Erica Lome’s dissertation considers reproduction colonial furniture made between 1890-1945. It offers the first full-length scholarly treatment of the reproduction cabinetmaking trade as well as a substantial material culture analysis of these objects from the perspective of their makers and consumers. This summer she’ll be doing research in New England and in Grand Rapids, Michigan.

Image caption: Photograph showing a Kaplan Furniture Company parade float, Cambridge, Massachusetts, 1924. (Courtesy, The Joseph Downs Collection of Manuscripts and Printed Ephemera, Henry Francis du Pont Winterthur Museum).


Matthew J. Rinkevich

English Department

Matthew’s dissertation, “Signs That Save: Sacramental Matter and Agency in Shakespeare’s England,” analyzes the relationship between English literature, material cultures of religion, and sacramental theology during the sixteenth and seventeenth centuries. Matthew argues that the English Reformation is, in part, a rejection of nonhuman agency, and he offers the period’s drama and poetry as a space that interrogates what it means to be a human in relation with material and physical objects (acting) in the world. In July 2018, Matthew will spend three weeks researching in the archives at Oxford University’s Bodleian Libraries. There, he will be examining late medieval and early modern manuscripts and printed texts on theology and ritual worship, iconoclasm and dissection, Reformation-era religious conflict, and alchemy.

Image Caption: Richard Rowlands (Richard Verstegan), Theatrum Crudelitatum Hæreticorum Nostri Temporis (Antwerp, 1587), sig. F3 (University of Delaware Library Special Collections).


Keara Teeter

Art Conservation Department

As a second-year graduate fellow in the Winterthur/University of Delaware Program in Art Conservation (WUDPAC), Keara will spend ten weeks at the Saint Louis Art Museum (SLAM) in Missouri.  During her internship, she will work on the conservation treatment of one Arthur & Robert wallpaper pilaster (French, late 18th century).  Over the past two hundred years, this pilaster has collected dirt and grime, tears in the paper, and losses to the designs.  Tears and losses to the paper will be stabilized/filled, and damages to the painted designs will be visually reintegrated.  The SLAM team she will collaborate with this summer includes Hugh Shockey, Head of Conservation (WUDPAC Class of 2002); Claire Winfield, Associate Painting Conservator; Julie Ribits, Assistant Paintings Conservator; and Elizabeth Robson, Graduate Conservation Intern.
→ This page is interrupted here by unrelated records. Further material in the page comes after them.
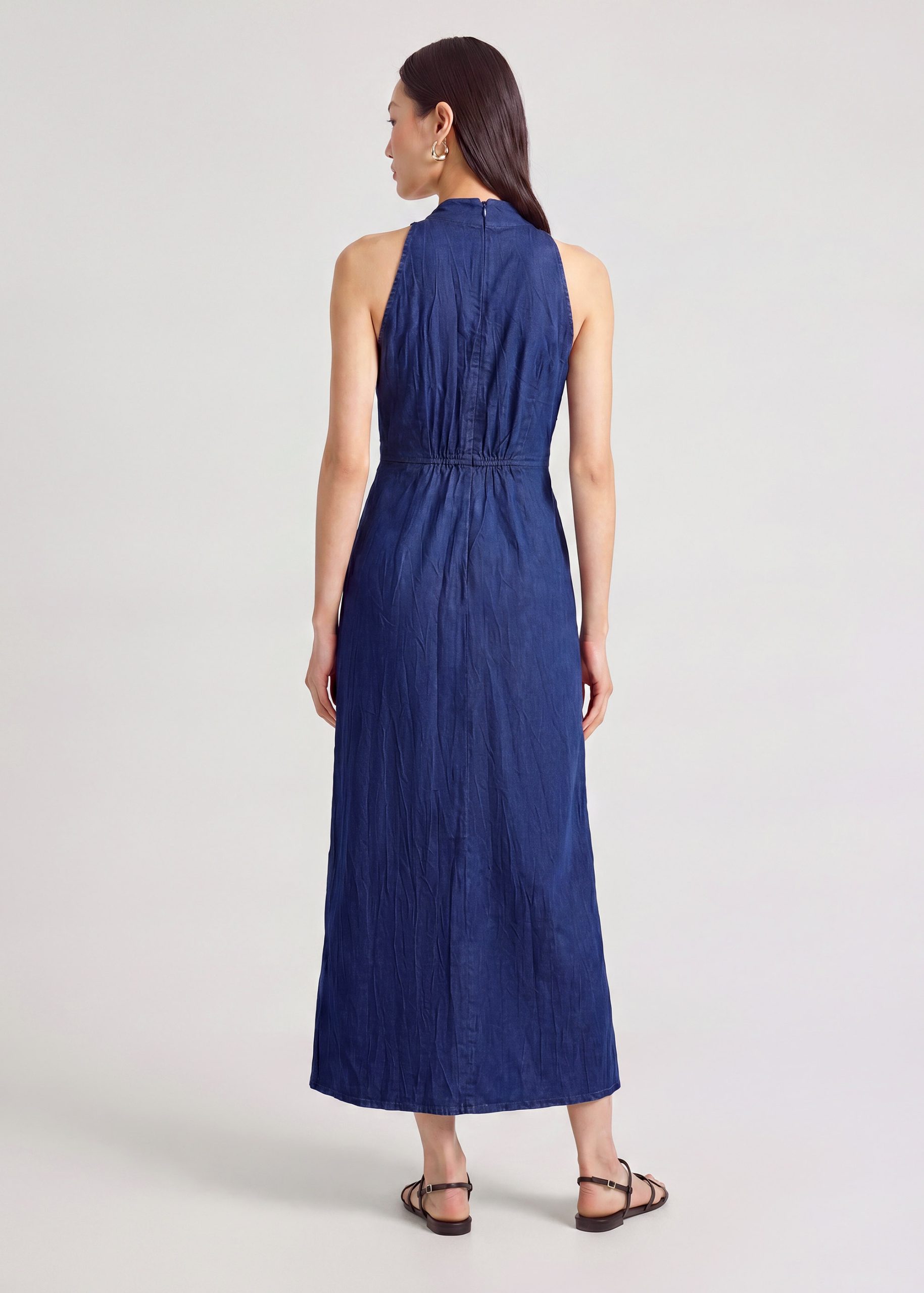 Denim Column Maxi Dress - Image 3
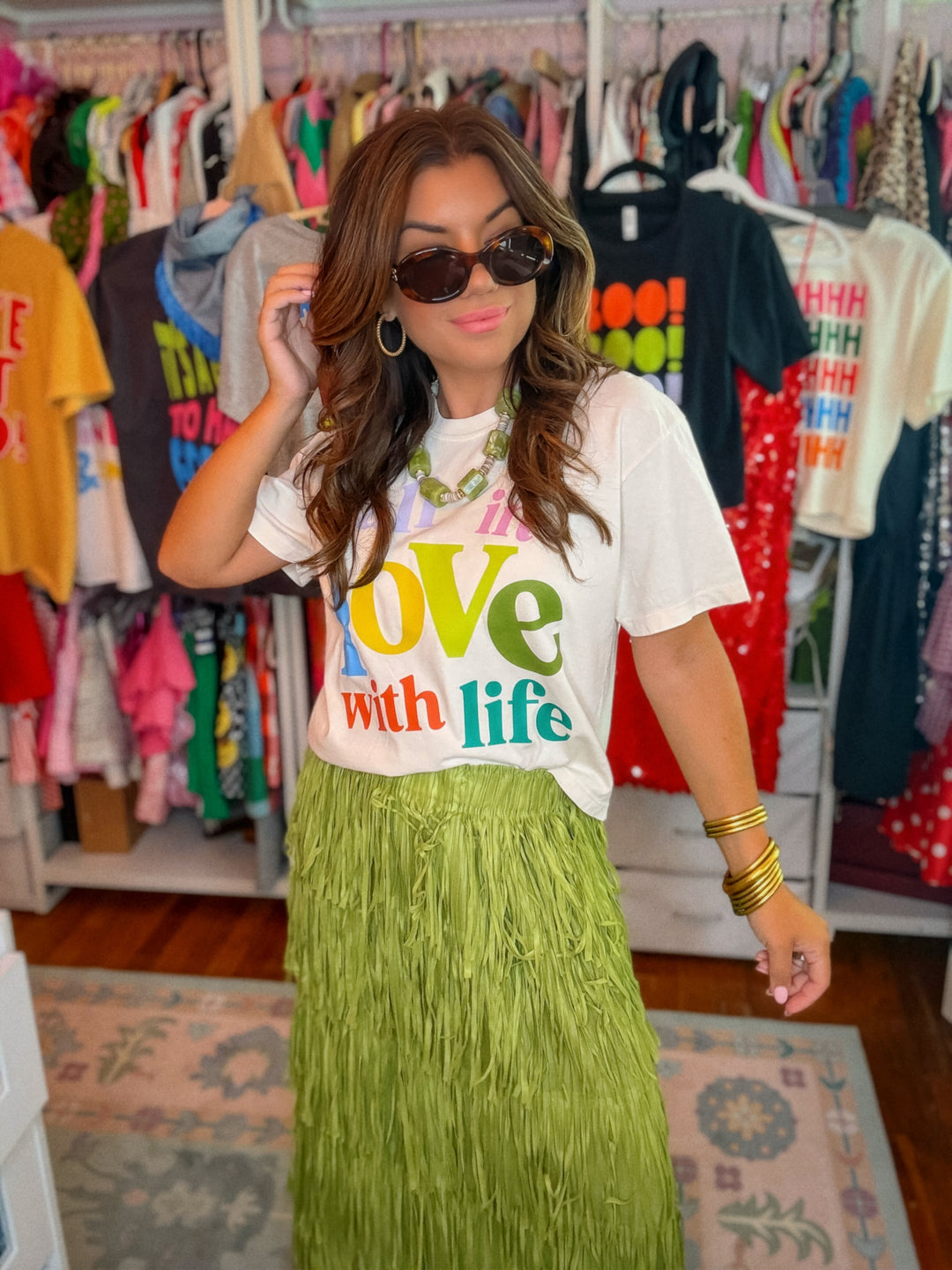 Fall in Love With Life Tee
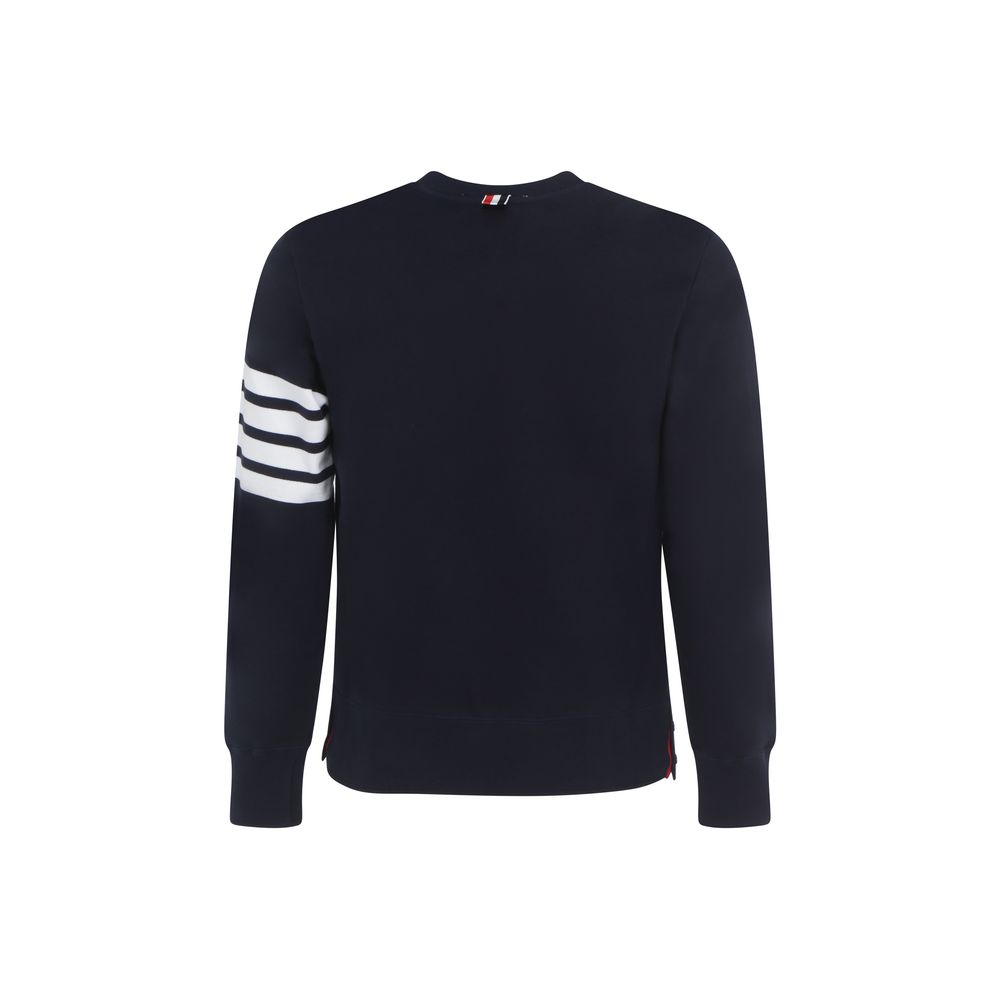 Thom Browne Cotton Sweatshirt White Striped Patch Front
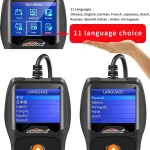 Tester baterie Konnwei KW600 12V pentru auto și moto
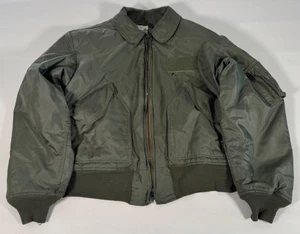 USAF Military CWU-45/P Flyers Flight Jacket Bomber Sage Green Large - Bild 1 von 8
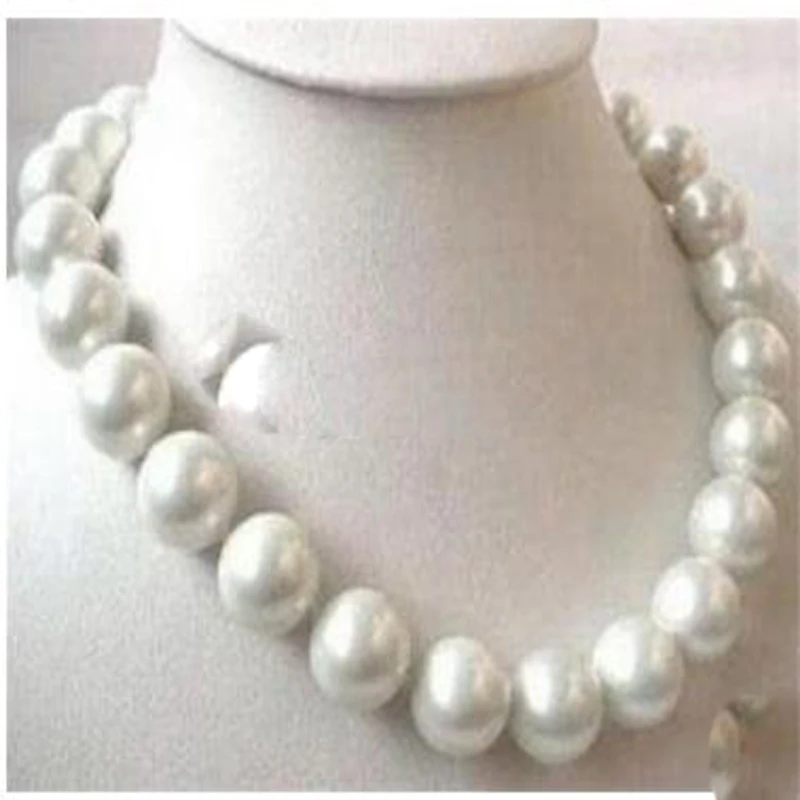 Jxryxrth'' 2019 New Arrival Free shopping! BIG 14mm White sea south shell pearl necklace 18 INCH N003
Jxryxrth'' 2019 New Arrival Free shopping! BIG 14mm White sea south shell pearl necklace 18 INCH N003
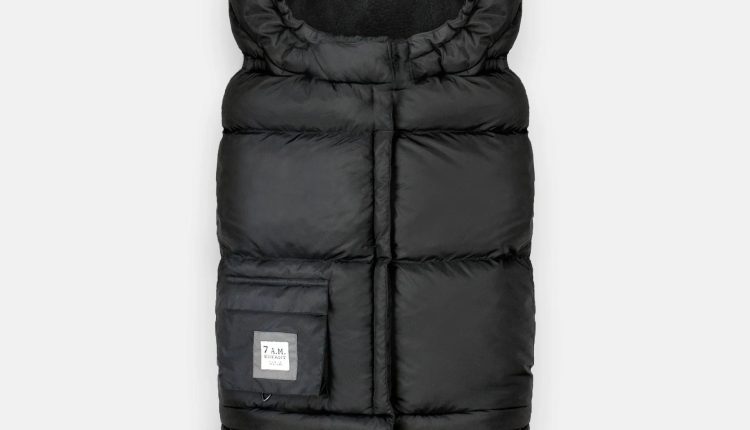 7AM Enfant Blanket 212 Evolution Footmuff - Black Plush - MadeInUSA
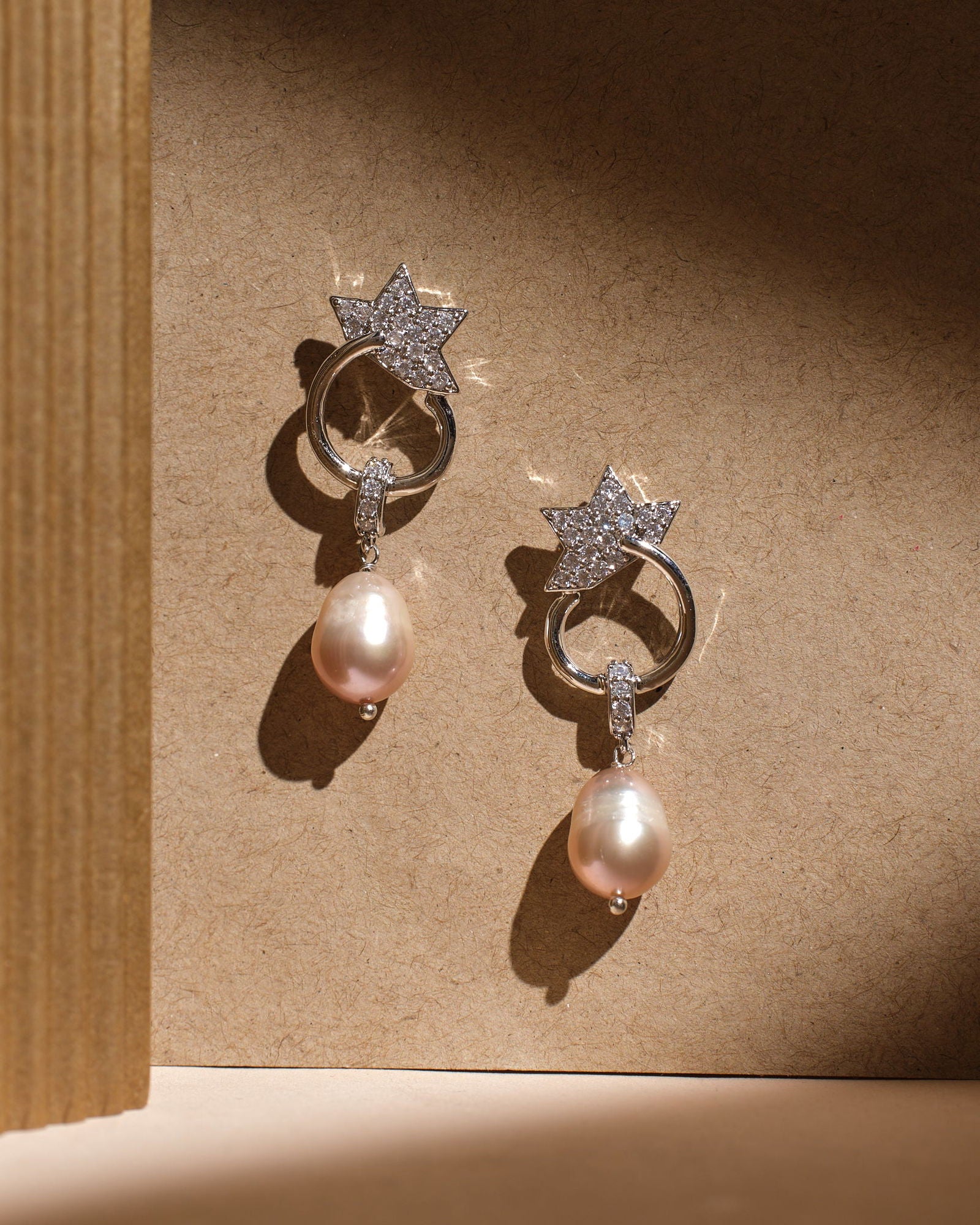 Luminous Grace Star Drop Earring - Chandrani Pearls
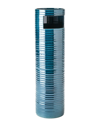 Global Views Large Cut Out Vase In Blue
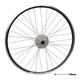 QR 700c 28" (ETRTO 622x19) Hybrid Bike REAR Wheel + 8 speed Cassette (11-32t) - Rim & Disc Brake Compatible - Sealed Bearings Hub (Very Smooth Hub) - Double Wall - 32x Spokes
Image caption: Elizabeth Robson and Keara Teeter with the Arthur & Robert wallpapers; photo courtesy of the Saint Louis Art Museum.


Rachael Vause

Art History Department

Like many museum pieces, golden cross pendants from seventh-century England are disembodied from the context of their life as things and from the people who wore them. In early medieval England, jewelry forged personhood, memory, and societal structure and operated as amuletic protection. Rachael’s dissertation explores the relationship between cross and wearer, utilizing material culture methodologies to demonstrate how objects change cultural notions about the mind/body relationship, specifically in religious conversion. Through the familiar object of jewelry, the medieval period and its people become more accessible and relatable; its objects are reanimated as experienced things, rather than showpieces behind glass.

Image caption: Pendant cross, 7th c. National Civil War Centre & Newark Museum. Photograph by Rachael Vause.